RESOURCE_EXHAUSTED: namespace rate limit exceeded

Hi,

We are experiencing a high number of the below exception thrown in one of the activities invoked in our workflow while load testing.

nested exception is io.grpc.StatusRuntimeException: RESOURCE_EXHAUSTED: namespace rate limit exceeded; nested exception is io.grpc.StatusRuntimeException: RESOURCE_EXHAUSTED: namespace rate limit exceeded

Based on what we understand from the documentation, we have increased the below values in our dynamic config. However, that doesn’t really solve the rate limit problem.

I would highly appreciate some guidance on this.
Thanks

# MatchingRPS, default is 1200
matching.rps:
- value: 76800
  constraints: {}
# HistoryRPS, default is 3000
history.rps:
- value: 76800
  constraints: {}
# FrontendRPS, default is 2400
frontend.rps:
- value: 76800
  constraints: {}
# FrontendMaxNamespaceRPSPerInstance, default is 2400
frontend.namespaceRPS:
- value: 76800
  constraints: {}
# FrontendMaxNamespaceCountPerInstance, default is 1200
frontend.namespaceCount:
- value: 9600
  constraints: {}

Our cluster looks like this:


History: 
- 20 replicas
- resources requests: 2 CPU, 4G Mem
- resource limits: 4 CPU, 6G Mem

Matching:
- 8 replicas
- resources requests: 2 CPU, 1G Mem
- resource limits: 4 CPU, 1G Mem

Worker:
- 8 replicas
- resources requests: 1 CPU, 1G Mem
- resource limits: 1 CPU, 1G Mem

Frontend:
- 12 replicas
- resources requests: 2 CPU, 2G Mem
- resource limits: 4 CPU, 2G Mem

RESOURCE_EXHAUSTED: namespace rate limit exceeded

Namespace rate limit is rate limit per namespace per frontend, are you configuring frontend.namespaceRPS on each of your frontend hosts? Yes, default for this dynamic config is 2400.

Do you have server metrics enabled? If you do can you try following query in Grafana:

sum(rate(service_errors_resource_exhausted{}[1m])) by (resource_exhausted_cause)

Thank you for your reply Tihomir.

I did increase the frontend.namespaceRPS. Below is a screenshot of the metric.
frontend.namespaceRPS:

Thanks for the info, and just to confirm you set the same dynamic config for all of your frontend pods?

Regarding operation ListWorkflowExecutions, do you have some client code that calls ListWorkflowExeutions apis a lot? How many running executions do you have:

tctl wf count -q "ExecutionStatus='Running'"

Could we check your visibility latencies by chance please:

histogram_quantile(0.95, sum(rate(task_latency_bucket{operation=~"VisibilityTask.*", service_name="history"}[1m])) by (operation, le))

Thank you for your quick reply Tihomir.
Our use case of temporal involves querying currently running workflows extensively.
I do not have the number of running executions from the time the load test was ran, but it would be in the 10s of thousands when the client code called get workflows/query workflow.

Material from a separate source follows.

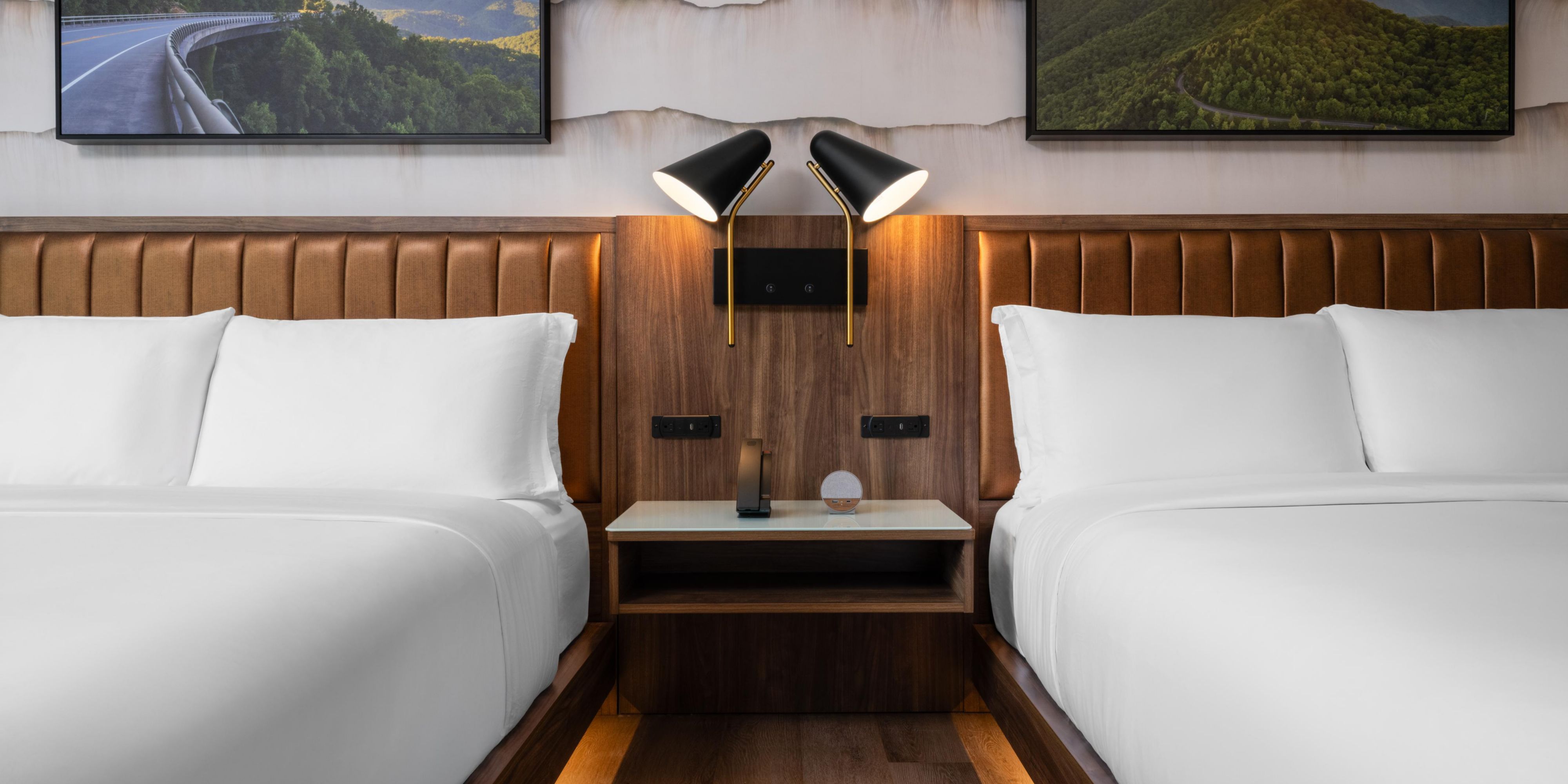Spacious two queen guestroom near the Smoky Mountains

During the same run, we have also noticed from client SDK metrics, that we had all workflows in cache. would there be a latency impact if we query workflow from worker 1, when it is in worker cache 2 ?

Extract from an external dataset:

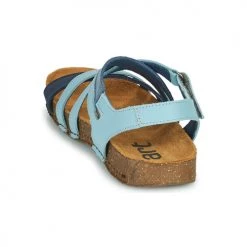Chaussures Femme Sandales et Nu-pieds Art I BREATHE Bleu 10 Chaussures Femme Sandales et Nu-pieds Art I BREATHE Bleu -Sandales Soldes Boutique 21424536 500 E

@TSlaoui Would you elaborate on your use case? Why do you need to query extensively? It is rarely a good pattern for one workflow to query another.

@maxim -

Thank you for your reply. We are not querying from one workflow to another.

This is our use case (we are using Java SDK):

  1. Create workflow client stub
  2. Start workflow by invoking the stub’s workflow method.
    • Inside the method is an infinite loop, waiting for an exit condition to be satisfied.
    • The client stub implements query methods and a signal method.
  3. When we receive some input, we use workflowId to get the client stub and then signal the execution.
    • Based on the signal received, we invoke different activities.
  4. Periodically, we use workflowID to get the client stub and then query the execution.
  5. 3 and 4 are repeated several times until the exit condition from step 2 is satisfied (we check a flag that might change as a result of different computations based on the signals).

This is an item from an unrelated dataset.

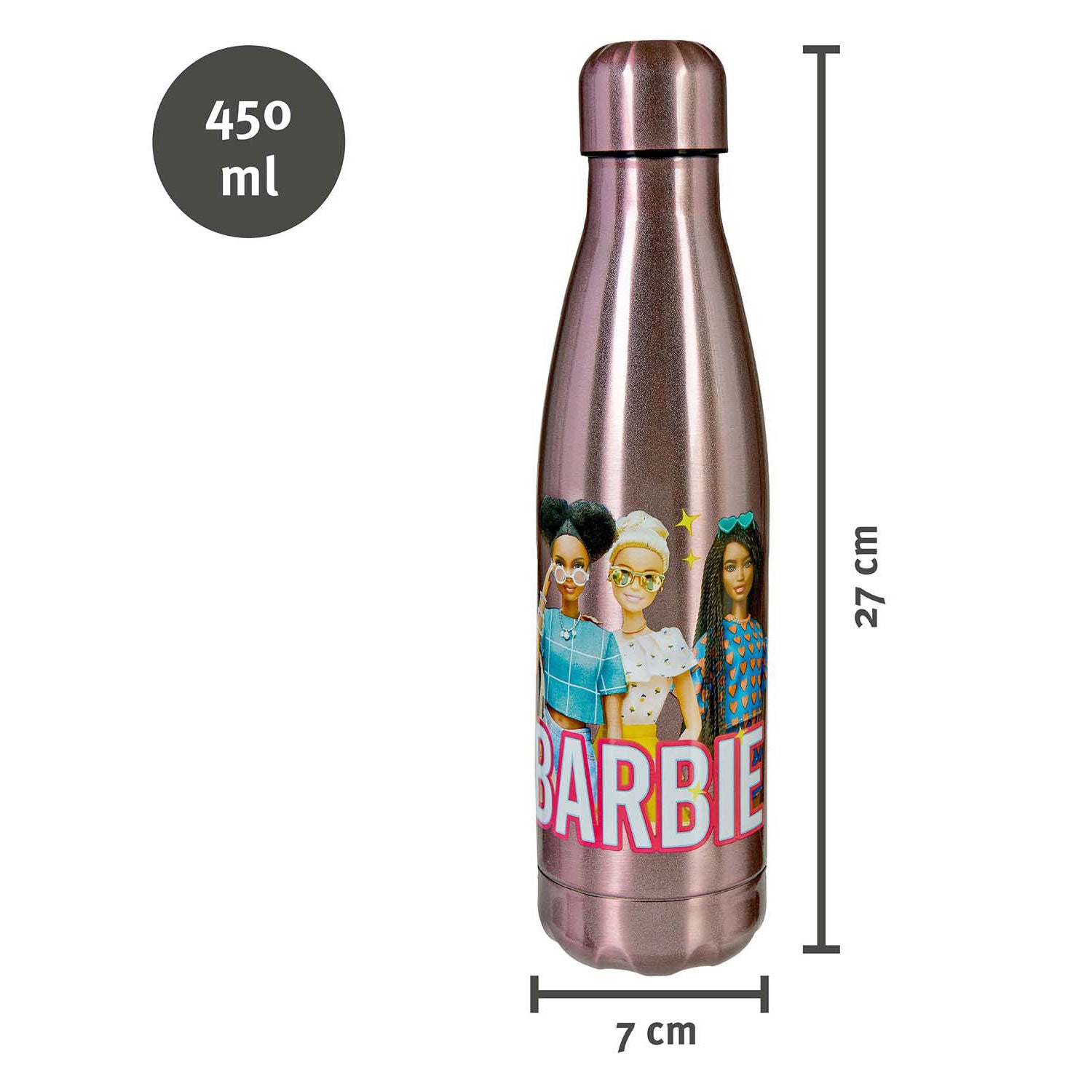 Undercover Barbie Trinkflasche Edelstahl, 450 ml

These steps are sequential in the life of a workflow execution, meaning that if we start workflow in Worker (client) Process 1, we could signal it and/or query it in the following steps from another Worker process, but always in that order of action.

With this sequence, we are experiencing high latency in the query method, and, we are also experiencing the namespace rate limit exceeded exception mentioned at the start of this thread.

We start 20 workflows per second for a duration of 20 minutes. Based on the sequence of actions from step 1 to 5, a workflow’s end to end latency would be roughly 30 seconds. At the end of the test we would gave 24000 workflows (started and completed), and, we could have hundreds or thousands of executions running at a time.

Inside the method is an infinite loop, waiting for an exit condition to be satisfied.

Can you show this code please? You should use Workflow.await most likely in this scenario.

@tihomir - yes that is correct

The workflow method looks like the below.

Eventually, after multiple signals, completed flag will be == true and the workflow method will return.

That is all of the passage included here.